One of the more extreme recent examples of PDR was in Watford where a single-storey industrial building is being converted into 15 “homes” of which seven have no windows. The flats will range in size from 16.5 to 21 square metres. There’s no parking at the scheme and residents will not be allowed to apply for a residents’ parking permit.

Watford Council sought to block the conversion, noting that the flats “would not provide any meaningful outlook, daylight or even appropriate ventilation”, and that the upper floors “would have no means of escape in case of fire” and that “the oppressive environment” would have “a serious impact on the health of future occupiers”.

But a government-appointed planning inspector allowed the scheme to go ahead, arguing that none of the council’s objections were relevant to PDR.

“I recognise that the proposed units are small” he said, “and that, for example, living withouta window would not be a positive living environment” but the creation of “cramped living environments with poor outlook and the lack of windows” was irrelevant because the PDR made no mention of these matters.

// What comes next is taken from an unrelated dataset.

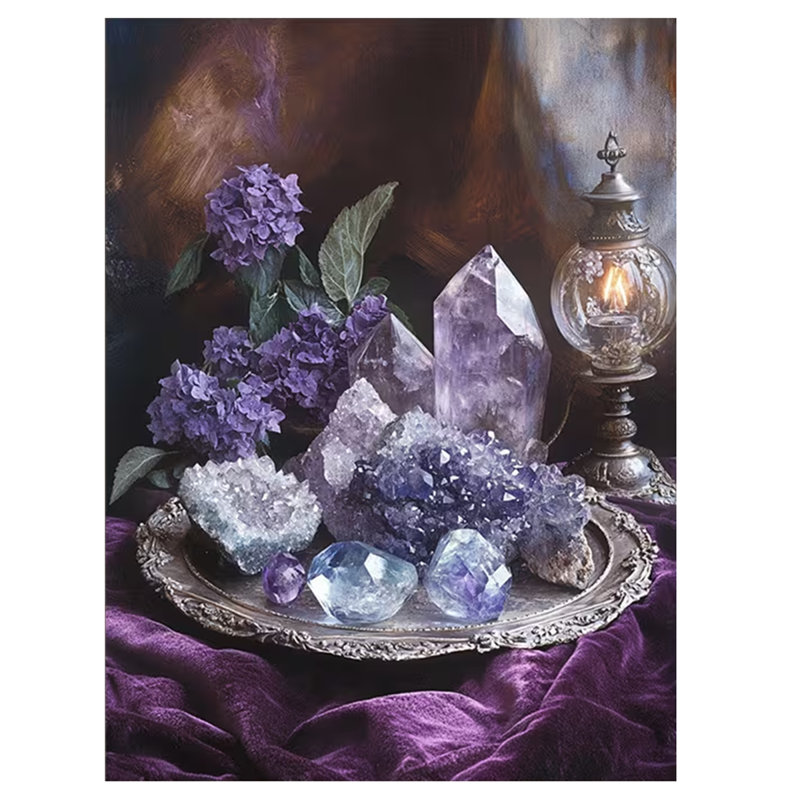 40*30,1pc with frame --Mysterious Purple Crystal Crystal Decorative Theme Canvas Wall Art Framed Painting Clearance Sale, 2D Flat, Suitable for Easter, Mother's Day, Mardi Gras.
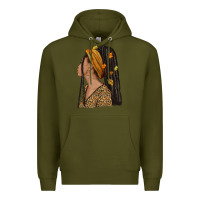 Army Green Fall afro woman Premium Hoodie - NancyCooperArtShop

So, PDRs are allowing homes to be created that are cramped, unsafe and basically unliveable. In the centenary year of the Addison Act, which set out generous space standards for new homes, we seem to be heading back to the 19th century.

It’s worth rehearsing how this appalling situation has come about.

Since 2013 the government has sought to liberalise planning laws to encourage the use of empty buildings and stimulate the construction sector. This started when homeowners were given greater freedoms to build house extensions. This was followed by PDR for taller mobile masts, click and collect services in shops, and suchlike. It’s now been extended to a wider range of developments.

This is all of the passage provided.